LLM08: Excessive Agency
Excessive Agency is a vulnerability in LLM-based systems caused by over-functionality, excessive permissions, or too much autonomy. To avoid this, developers must restrict plugin functionality, rights, and autonomy to the absolute minimum, log user authorisation, demand human approval for all operations, and implement authorization in downstream systems.
Examples
An LLM agent accesses unnecessary functions from a plugin
An LLM plugin fails to filter unnecessary input instructions
A plugin possesses unneeded permissions on other systems
An LLM plugin accesses downstream systems with high-privileged identities.
Prevention
An LLM agent accesses unnecessary functions from a plugin
An LLM plugin fails to filter unnecessary input instructions
A plugin possesses unneeded permissions on other systems
An LLM plugin accesses downstream systems with high-privileged identities.
Attack Scenarios
- An LLM-based personal assistant app with excessive permissions and autonomy is tricked by a malicious email into sending spam. This could be prevented by limiting functionality, and permissions, requiring user approval, or implementing rate limiting.
LLM09: Overreliance
Overreliance on LLMs can have major repercussions, including disinformation, legal concerns, and security flaws.

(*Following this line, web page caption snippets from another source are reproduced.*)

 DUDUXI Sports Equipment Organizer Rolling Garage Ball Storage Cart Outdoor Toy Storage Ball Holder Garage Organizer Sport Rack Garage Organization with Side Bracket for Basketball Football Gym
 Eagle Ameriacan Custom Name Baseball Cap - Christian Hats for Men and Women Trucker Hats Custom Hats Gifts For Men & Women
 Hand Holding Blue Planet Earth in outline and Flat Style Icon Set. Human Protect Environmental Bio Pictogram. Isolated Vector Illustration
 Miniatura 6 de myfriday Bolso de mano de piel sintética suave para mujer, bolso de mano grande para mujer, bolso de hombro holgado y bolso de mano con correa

It happens when an LLM is trusted to make crucial decisions or create information without proper scrutiny or confirmation.
Examples
LLM provides incorrect information
LLM generates nonsensical text
LLM suggests insecure code
Inadequate risk communication from LLM providers
Prevention
Regular monitoring and review of LLM outputs
Cross-check LLM output with trusted sources
Enhance the model with fine-tuning or embeddings
Implement automatic validation mechanisms
Break tasks into manageable subtasks
Clearly communicate LLM risks and limitations
Establish secure coding practices in development environments.
Attack Scenarios
AI fed misleading info leading to disinformation
AI's code suggestions introduce security vulnerabilities
The developer unknowingly integrates a malicious package suggested by AI.

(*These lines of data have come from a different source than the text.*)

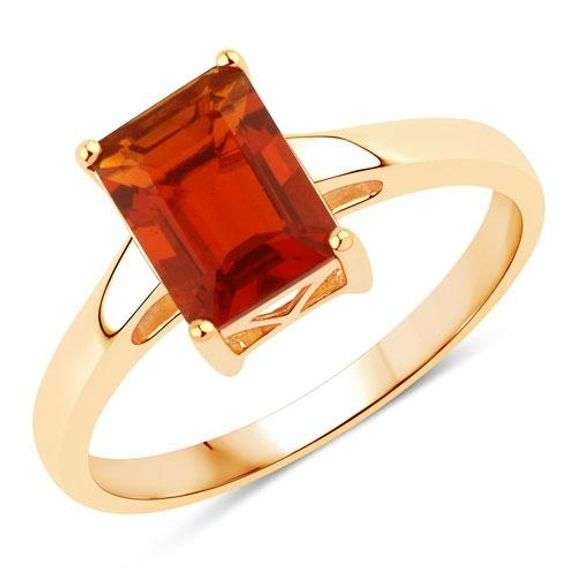14K Yellow Gold Ring with Genuine Fire Opal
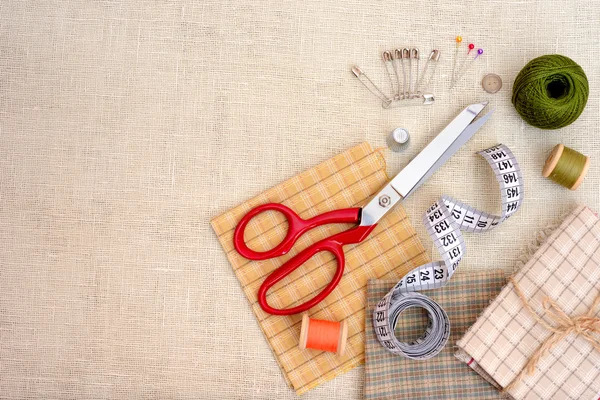 Copyspace frame with sewing tools and accesories — Stock Photo, Image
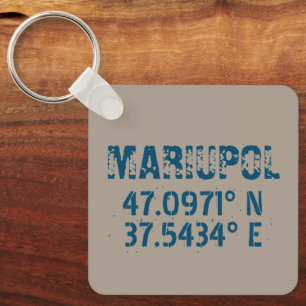 Mariupol Ukraina Latitude & Longitud Distress Nyckelring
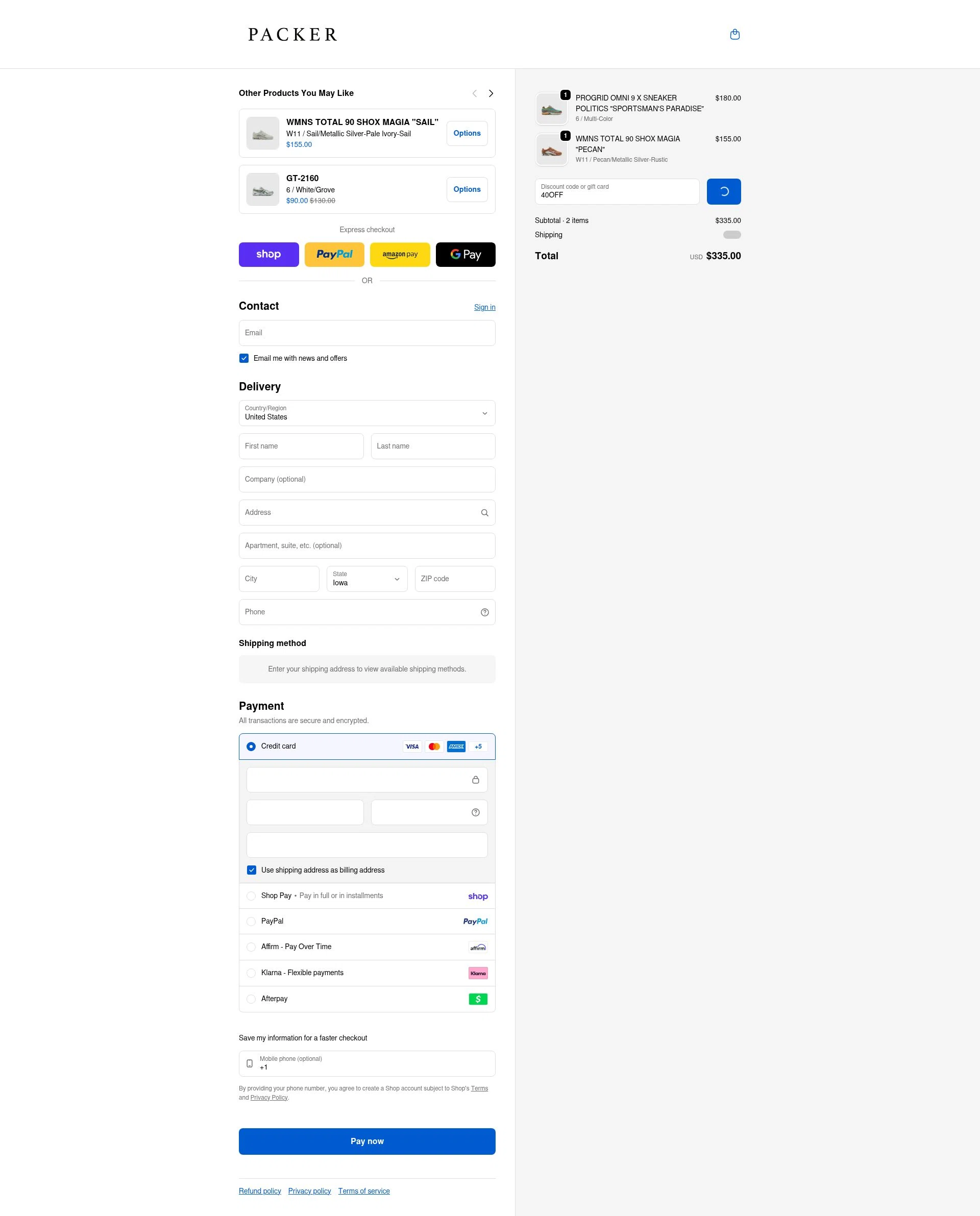 PACKER SHOES checkout page showing PACKER SHOES discount code box | Screenshot taken by SimplyCodes community member on Feb 18, 2026
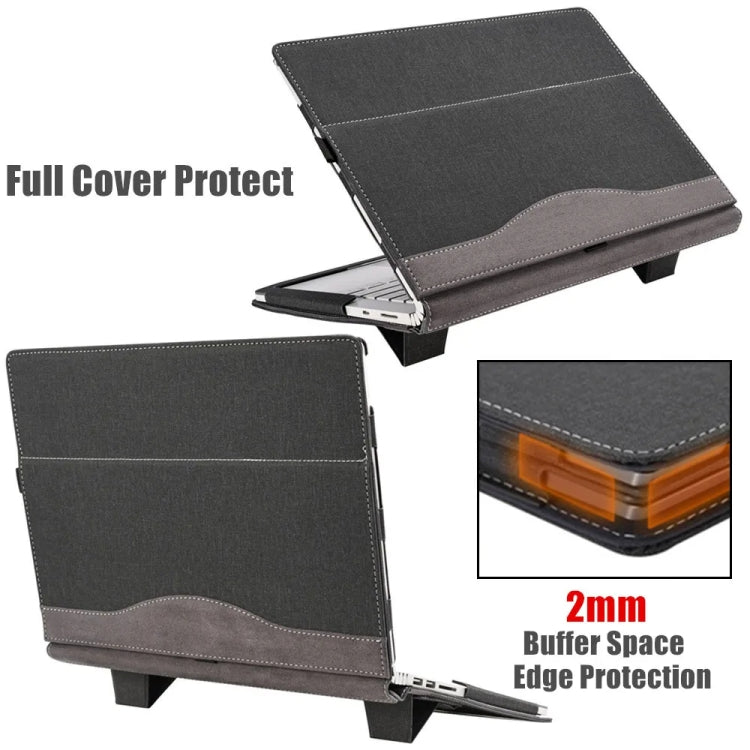 For Samsung Galaxy Book 2 Pro 360 13.3 Inch Leather Laptop Anti-Fall Protective Case With Stand(Black) - 13.3 inch by PMC Jewellery | Online Shopping South Africa | PMC Jewellery | Buy Now Pay Later Mobicred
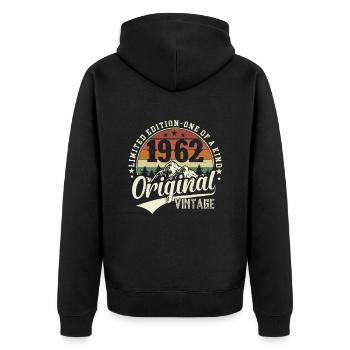 Legendärer 62. Geburtstag Retro Style 1962 - Unisex Premium Bio Zip Hoodie - Schwarz - Hinten - Nico (187cm)
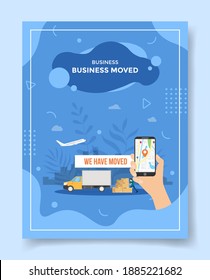 business moved hand hold smartphone pointer location map gps in display around plane truck van box package courier for template of banners, flyer, books cover, magazines with liquid shape style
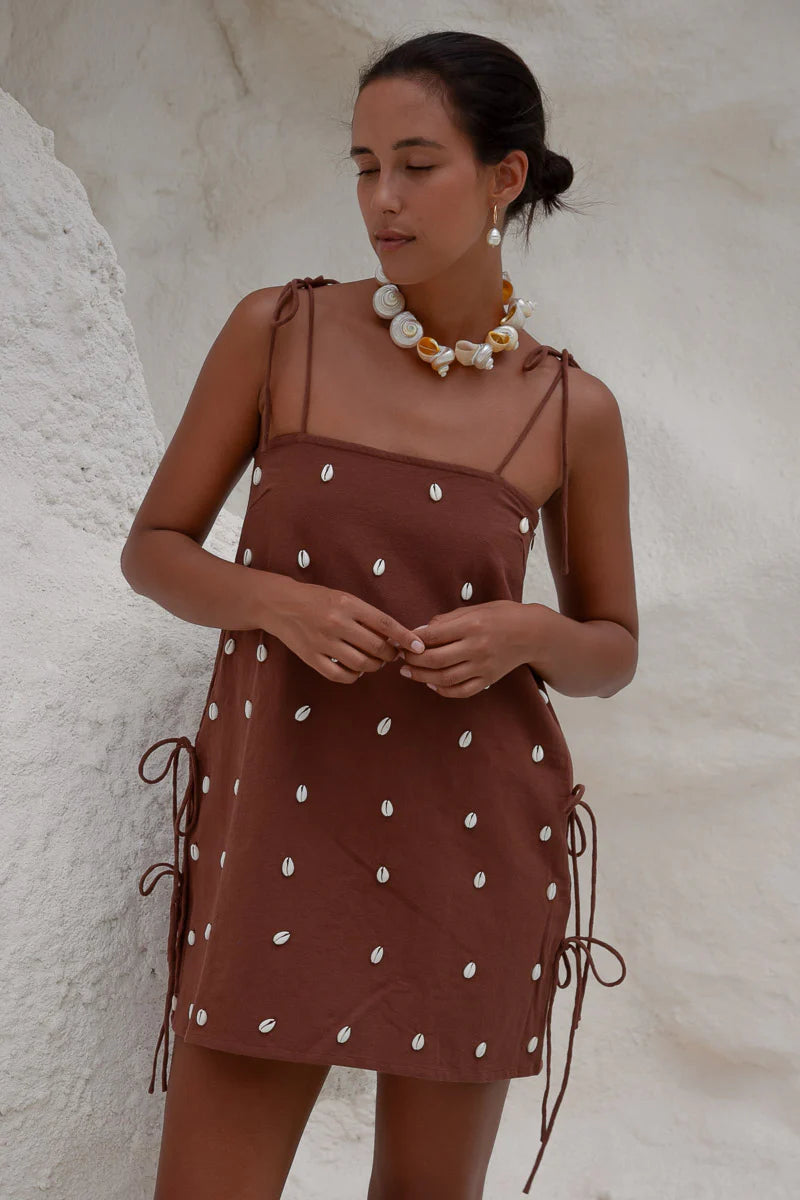 Palm Collective | Dede Cowrie Shell Beaded Dress | Vagabond | Apparel | Boutique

LLM10: Training Data Poisoning
Unauthorised access to and exfiltration of LLM models is LLM model theft, putting economic loss, reputation damage, and unauthorised access to sensitive data at risk. To safeguard these models, strong security measures are required.
Examples
The attacker gains unauthorized access to the LLM model
Disgruntled employee leaks model artefacts
Attacker crafts input to collect model outputs
Side-channel attack to extract model info
Use of stolen model for adversarial attacks.
Prevention
Implement strong access controls, authentication, and monitor/audit access logs regularly
Implement rate limiting of API calls
Watermarking framework in LLM lifecycle
Automate MLOps deployment with governance.
Attack Scenarios
Unauthorized access to LLM repository for data theft
Leaked model artefacts by disgruntled employee
Creation of a shadow model through API queries
Data leaks due to supply-chain control failure7 B Side-channel attack to retrieve model information.